Dans la logique proposée par la délégation :

- le premier alinéa de l'article premier 138 ( * ) traiterait des garanties fondamentales reconnues aux citoyens dans leur ensemble , sans distinction de sexe, d'origine ou de religion (le mot « race » ayant été supprimé par les députés) ;

- le second alinéa de cet article porterait sur les garanties reconnues en termes d' égalité entre femmes et hommes (égalité de droits ; égal accès aux mandats et aux responsabilités).

La délégation estime que cet alinéa pourrait être ainsi rédigé :

- « La loi garantit des droits égaux aux femmes et aux hommes. Elle assure (ou « organise ») l'égal accès des femmes et des hommes aux mandats électoraux et fonctions électives ainsi qu'aux responsabilités professionnelles et sociales ».

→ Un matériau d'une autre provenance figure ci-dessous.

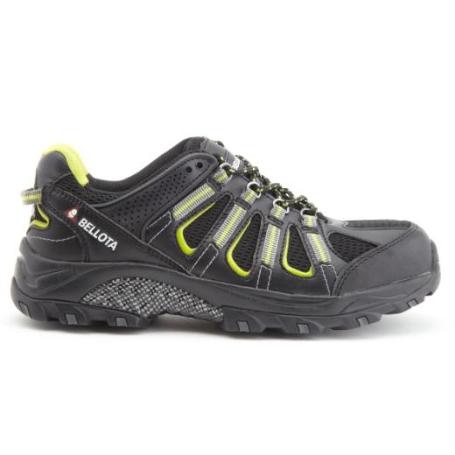 BELLOTA ZAPATO TRAIL 72211N-Nº38 S1P BIDENS.+PUNT+PLANTNO METAL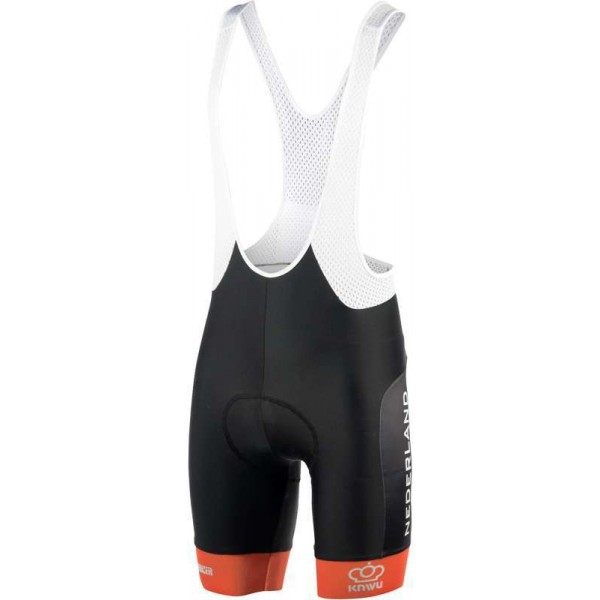 NIEDERLANDE 2022 Trägerhose kurz-Radsport-National-Team Radtrikot Kaufen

Cette première formule évite la répétition du verbe « garantir ». Elle le réserve à l'intervention du législateur en matière d'égalité de droits, comme le fait déjà le troisième alinéa du préambule de 1946. Elle donne par ailleurs mandat au législateur pour « organiser » (ou « assurer ») la parité, ce qui supprime l'ambiguïté du verbe « favoriser » et clarifie la portée de l'intervention de la loi.

Quelle que soit la rédaction retenue à cet égard, cette proposition est importante car elle permet de conforter la délégation en appuyant ses compétences sur une disposition cohérente de la Constitution .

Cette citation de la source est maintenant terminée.